# Which HomeCentre is the biggest? Also, when do Ramadan sales start?



## scp (Apr 27, 2009)

We need furniture and appliances for our new home and are hoping to take advantage of the Ramadan sales- will they be on this weekend or should I wait towards the end of Ramadan? 

We'll definitely need some things this weekend and are hoping to find something without having to go to too many stores (we checked out the furniture shops in Sharjah including Pan Emirates and didn't have much luck there). I've heard of HomeCentre- which one is the biggest one in the area? Also, do the pricess vary much from Sharjah? Any other recommendations for a big furniture/appliance store (aside from IKEA)? Thanks!


----------



## Jezza (Jan 11, 2009)

hi SCP,

I'm in a smilar situation.

I've been to PAN Emirates in Al Barsha which had a few some reasonable items at a good price. I've heard that there is a 70% disount on the stores in Sharjah ( how big is the store there and do they have a good selection of items ?

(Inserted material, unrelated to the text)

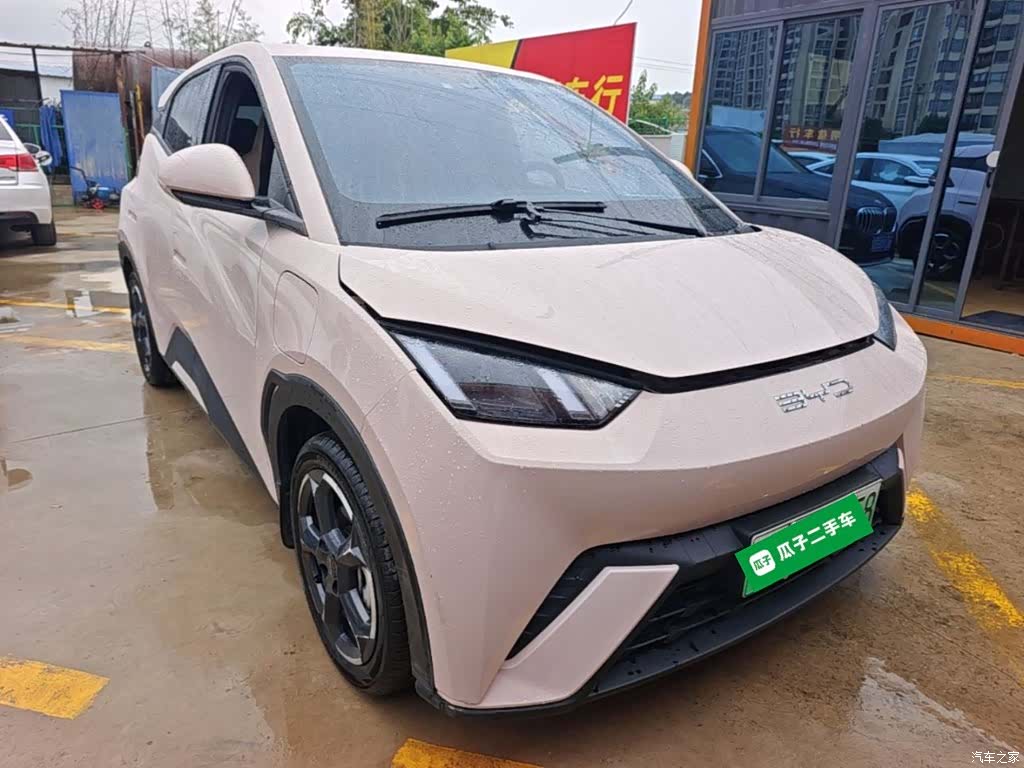 BYD Seagull, 2023 4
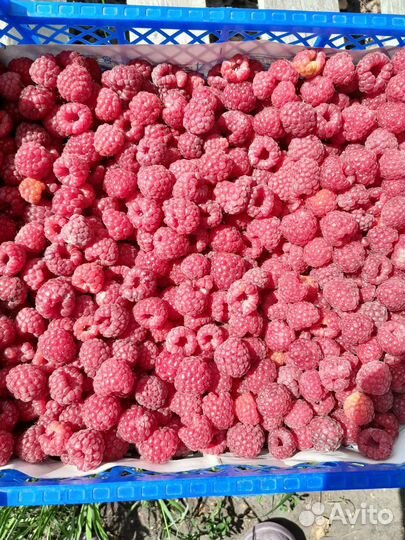 Ягоды малины и клубники -некондиция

I'm going out to sharjah at the weekend. Is it better to go on Friday or saturday ?

cheers,
Jezza


Homecentre had good optoins for dining tables, I didn't like the beds too much.


----------



## stewart (Jun 21, 2009)

They have started just depends where you look.
For furniture go to Dragon mart.
Dont need ramadan sales there.


----------



## scp (Apr 27, 2009)

Thanks Stewart and Jezza,

What specific stores in DragonMart should I go to? I heard that place is huge...

Ended up going to the one near MOE and didn't have any luck. I think we may just end up going to Sharjah. Let us know which stores you end up going to. It's been hard to find something that's simple, yet elegant- and good quality.


----------